DATA below:

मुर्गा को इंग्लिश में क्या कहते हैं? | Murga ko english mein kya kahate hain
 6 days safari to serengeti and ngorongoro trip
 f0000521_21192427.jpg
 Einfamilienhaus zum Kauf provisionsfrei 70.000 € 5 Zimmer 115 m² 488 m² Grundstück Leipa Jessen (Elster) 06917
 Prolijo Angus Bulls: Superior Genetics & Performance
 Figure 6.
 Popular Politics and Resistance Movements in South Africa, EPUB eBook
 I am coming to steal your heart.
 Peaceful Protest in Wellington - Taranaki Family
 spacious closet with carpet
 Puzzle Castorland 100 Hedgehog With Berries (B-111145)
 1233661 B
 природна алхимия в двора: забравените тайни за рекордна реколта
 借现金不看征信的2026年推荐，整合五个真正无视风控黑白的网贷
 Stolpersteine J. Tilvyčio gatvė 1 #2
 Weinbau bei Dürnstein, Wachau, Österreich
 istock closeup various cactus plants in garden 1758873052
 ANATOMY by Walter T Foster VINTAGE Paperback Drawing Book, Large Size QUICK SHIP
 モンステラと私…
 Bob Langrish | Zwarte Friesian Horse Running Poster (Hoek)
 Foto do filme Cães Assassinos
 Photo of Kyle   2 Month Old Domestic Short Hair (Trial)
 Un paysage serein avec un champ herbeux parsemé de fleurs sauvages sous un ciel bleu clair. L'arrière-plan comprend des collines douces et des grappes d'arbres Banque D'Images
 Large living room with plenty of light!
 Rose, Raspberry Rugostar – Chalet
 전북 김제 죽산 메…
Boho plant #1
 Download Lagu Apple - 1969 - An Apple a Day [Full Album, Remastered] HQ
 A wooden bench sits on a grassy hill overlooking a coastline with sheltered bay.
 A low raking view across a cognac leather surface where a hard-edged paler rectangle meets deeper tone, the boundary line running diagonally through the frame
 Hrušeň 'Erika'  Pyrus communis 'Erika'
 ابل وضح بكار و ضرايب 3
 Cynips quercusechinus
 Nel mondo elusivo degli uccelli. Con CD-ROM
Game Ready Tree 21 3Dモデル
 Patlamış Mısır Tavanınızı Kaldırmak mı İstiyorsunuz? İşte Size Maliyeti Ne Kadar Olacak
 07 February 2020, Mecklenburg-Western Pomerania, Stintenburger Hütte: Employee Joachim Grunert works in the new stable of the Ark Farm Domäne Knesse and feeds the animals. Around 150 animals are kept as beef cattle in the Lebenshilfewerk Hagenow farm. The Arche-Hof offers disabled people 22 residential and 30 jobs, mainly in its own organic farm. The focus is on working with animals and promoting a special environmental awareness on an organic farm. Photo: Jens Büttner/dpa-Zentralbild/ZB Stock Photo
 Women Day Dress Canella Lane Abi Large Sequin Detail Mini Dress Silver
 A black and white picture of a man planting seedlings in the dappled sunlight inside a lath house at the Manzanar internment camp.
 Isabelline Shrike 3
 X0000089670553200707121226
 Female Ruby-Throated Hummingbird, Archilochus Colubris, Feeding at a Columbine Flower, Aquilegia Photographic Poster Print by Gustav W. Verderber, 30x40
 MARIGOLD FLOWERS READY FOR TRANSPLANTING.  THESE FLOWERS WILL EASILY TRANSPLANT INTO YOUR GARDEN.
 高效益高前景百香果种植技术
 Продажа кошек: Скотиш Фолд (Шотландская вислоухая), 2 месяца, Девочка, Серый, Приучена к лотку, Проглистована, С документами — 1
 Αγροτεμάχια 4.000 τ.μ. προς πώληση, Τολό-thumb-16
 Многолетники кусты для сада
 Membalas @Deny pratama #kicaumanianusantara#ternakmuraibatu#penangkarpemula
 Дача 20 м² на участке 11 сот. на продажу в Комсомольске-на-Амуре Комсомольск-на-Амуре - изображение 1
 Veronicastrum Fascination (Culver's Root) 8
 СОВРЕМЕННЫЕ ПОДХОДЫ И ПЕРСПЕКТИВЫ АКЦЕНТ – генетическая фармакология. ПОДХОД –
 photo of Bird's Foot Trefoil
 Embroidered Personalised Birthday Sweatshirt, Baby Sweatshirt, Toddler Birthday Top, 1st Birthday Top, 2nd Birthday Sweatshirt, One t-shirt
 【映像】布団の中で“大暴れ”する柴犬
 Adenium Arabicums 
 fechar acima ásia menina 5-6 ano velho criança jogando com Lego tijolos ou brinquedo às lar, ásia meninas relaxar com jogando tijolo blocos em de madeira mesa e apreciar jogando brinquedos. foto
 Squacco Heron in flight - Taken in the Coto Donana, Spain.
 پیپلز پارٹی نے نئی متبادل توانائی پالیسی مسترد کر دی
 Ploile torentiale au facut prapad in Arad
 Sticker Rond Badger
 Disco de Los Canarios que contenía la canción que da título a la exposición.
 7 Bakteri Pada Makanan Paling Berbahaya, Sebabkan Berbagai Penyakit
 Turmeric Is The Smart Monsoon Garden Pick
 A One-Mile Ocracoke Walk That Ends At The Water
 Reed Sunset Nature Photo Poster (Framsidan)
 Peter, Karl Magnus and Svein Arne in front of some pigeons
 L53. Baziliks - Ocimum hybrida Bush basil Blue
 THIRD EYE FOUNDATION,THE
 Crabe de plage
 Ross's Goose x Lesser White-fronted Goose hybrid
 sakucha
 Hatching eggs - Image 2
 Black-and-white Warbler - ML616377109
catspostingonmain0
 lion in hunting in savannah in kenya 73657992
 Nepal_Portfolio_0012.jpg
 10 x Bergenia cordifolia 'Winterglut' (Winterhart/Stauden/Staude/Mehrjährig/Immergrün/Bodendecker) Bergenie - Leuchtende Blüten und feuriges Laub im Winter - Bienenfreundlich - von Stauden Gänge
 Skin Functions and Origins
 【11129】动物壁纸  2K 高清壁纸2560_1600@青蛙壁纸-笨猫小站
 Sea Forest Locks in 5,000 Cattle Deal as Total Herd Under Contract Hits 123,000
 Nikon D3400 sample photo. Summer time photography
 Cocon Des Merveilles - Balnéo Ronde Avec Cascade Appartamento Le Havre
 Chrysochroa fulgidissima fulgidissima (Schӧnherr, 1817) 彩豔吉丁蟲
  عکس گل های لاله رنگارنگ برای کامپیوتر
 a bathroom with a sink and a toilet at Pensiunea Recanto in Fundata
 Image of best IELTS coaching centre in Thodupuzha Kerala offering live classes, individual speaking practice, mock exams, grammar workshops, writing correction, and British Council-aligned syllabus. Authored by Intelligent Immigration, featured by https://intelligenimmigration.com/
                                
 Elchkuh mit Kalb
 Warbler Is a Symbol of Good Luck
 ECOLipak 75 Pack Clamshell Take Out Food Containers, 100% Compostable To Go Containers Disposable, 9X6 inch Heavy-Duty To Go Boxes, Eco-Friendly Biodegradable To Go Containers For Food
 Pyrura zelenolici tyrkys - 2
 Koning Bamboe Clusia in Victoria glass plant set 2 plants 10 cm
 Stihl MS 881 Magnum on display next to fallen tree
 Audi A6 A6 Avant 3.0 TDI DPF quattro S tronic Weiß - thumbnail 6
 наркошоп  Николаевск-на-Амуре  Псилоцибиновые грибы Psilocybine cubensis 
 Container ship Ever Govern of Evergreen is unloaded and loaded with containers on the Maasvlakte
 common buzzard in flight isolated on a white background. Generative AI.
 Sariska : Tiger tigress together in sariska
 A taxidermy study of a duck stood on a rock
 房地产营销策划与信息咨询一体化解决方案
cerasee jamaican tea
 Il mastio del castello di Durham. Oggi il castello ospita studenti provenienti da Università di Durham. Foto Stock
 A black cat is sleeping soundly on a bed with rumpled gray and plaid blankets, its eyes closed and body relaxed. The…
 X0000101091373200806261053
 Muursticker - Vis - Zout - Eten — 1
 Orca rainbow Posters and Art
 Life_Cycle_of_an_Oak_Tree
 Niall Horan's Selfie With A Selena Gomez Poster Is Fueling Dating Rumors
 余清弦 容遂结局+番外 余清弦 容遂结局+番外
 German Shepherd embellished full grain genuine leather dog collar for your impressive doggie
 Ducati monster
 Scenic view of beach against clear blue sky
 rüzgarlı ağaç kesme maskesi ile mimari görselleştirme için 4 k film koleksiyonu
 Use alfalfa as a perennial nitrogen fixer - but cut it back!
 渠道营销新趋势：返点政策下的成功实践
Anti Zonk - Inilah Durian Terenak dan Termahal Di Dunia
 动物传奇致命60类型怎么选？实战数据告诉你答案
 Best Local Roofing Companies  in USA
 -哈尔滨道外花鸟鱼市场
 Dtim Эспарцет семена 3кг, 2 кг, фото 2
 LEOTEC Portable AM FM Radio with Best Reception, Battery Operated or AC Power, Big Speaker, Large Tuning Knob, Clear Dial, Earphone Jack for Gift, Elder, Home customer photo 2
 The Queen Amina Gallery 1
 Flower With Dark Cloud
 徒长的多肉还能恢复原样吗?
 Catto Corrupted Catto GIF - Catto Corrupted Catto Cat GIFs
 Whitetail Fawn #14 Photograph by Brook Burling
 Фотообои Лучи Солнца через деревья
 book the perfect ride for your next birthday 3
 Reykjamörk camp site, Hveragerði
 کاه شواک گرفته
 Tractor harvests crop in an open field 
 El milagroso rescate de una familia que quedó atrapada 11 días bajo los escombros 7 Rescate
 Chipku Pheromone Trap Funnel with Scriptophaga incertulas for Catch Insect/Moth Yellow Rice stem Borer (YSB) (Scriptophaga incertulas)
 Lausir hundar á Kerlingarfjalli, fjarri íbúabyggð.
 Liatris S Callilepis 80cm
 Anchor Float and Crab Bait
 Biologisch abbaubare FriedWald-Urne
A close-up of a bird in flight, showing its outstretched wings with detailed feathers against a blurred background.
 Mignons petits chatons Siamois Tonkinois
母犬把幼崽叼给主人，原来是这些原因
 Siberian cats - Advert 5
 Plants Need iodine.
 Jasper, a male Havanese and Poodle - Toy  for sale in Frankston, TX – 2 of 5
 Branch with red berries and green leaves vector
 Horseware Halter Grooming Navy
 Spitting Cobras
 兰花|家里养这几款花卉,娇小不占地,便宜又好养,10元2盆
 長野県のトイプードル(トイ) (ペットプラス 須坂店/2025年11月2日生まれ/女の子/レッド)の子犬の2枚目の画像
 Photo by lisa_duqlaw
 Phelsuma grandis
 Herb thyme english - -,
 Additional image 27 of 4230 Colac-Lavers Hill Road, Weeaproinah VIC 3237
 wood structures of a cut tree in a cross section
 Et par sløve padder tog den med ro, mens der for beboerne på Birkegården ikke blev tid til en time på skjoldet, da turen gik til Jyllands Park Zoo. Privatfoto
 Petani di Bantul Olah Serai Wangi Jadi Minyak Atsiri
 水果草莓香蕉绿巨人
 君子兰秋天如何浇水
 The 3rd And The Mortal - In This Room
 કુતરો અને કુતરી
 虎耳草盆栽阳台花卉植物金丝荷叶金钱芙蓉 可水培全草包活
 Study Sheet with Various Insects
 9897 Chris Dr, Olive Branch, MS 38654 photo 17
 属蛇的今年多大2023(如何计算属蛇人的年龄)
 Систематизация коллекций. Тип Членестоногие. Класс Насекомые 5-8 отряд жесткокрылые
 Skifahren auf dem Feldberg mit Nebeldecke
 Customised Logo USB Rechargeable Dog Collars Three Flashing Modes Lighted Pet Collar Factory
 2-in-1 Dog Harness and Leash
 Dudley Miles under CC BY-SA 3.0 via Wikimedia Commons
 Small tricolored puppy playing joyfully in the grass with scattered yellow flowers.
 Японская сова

End of DATA.

EXERCISE:
Set down exactly the lines that begin the records and continue through the line bearing "Patlamış Mısır Tavanınızı"; include both ends.

REPLY:
मुर्गा को इंग्लिश में क्या कहते हैं? | Murga ko english mein kya kahate hain
 6 days safari to serengeti and ngorongoro trip
 f0000521_21192427.jpg
 Einfamilienhaus zum Kauf provisionsfrei 70.000 € 5 Zimmer 115 m² 488 m² Grundstück Leipa Jessen (Elster) 06917
 Prolijo Angus Bulls: Superior Genetics & Performance
 Figure 6.
 Popular Politics and Resistance Movements in South Africa, EPUB eBook
 I am coming to steal your heart.
 Peaceful Protest in Wellington - Taranaki Family
 spacious closet with carpet
 Puzzle Castorland 100 Hedgehog With Berries (B-111145)
 1233661 B
 природна алхимия в двора: забравените тайни за рекордна реколта
 借现金不看征信的2026年推荐，整合五个真正无视风控黑白的网贷
 Stolpersteine J. Tilvyčio gatvė 1 #2
 Weinbau bei Dürnstein, Wachau, Österreich
 istock closeup various cactus plants in garden 1758873052
 ANATOMY by Walter T Foster VINTAGE Paperback Drawing Book, Large Size QUICK SHIP
 モンステラと私…
 Bob Langrish | Zwarte Friesian Horse Running Poster (Hoek)
 Foto do filme Cães Assassinos
 Photo of Kyle   2 Month Old Domestic Short Hair (Trial)
 Un paysage serein avec un champ herbeux parsemé de fleurs sauvages sous un ciel bleu clair. L'arrière-plan comprend des collines douces et des grappes d'arbres Banque D'Images
 Large living room with plenty of light!
 Rose, Raspberry Rugostar – Chalet
 전북 김제 죽산 메…
Boho plant #1
 Download Lagu Apple - 1969 - An Apple a Day [Full Album, Remastered] HQ
 A wooden bench sits on a grassy hill overlooking a coastline with sheltered bay.
 A low raking view across a cognac leather surface where a hard-edged paler rectangle meets deeper tone, the boundary line running diagonally through the frame
 Hrušeň 'Erika'  Pyrus communis 'Erika'
 ابل وضح بكار و ضرايب 3
 Cynips quercusechinus
 Nel mondo elusivo degli uccelli. Con CD-ROM
Game Ready Tree 21 3Dモデル
 Patlamış Mısır Tavanınızı Kaldırmak mı İstiyorsunuz? İşte Size Maliyeti Ne Kadar Olacak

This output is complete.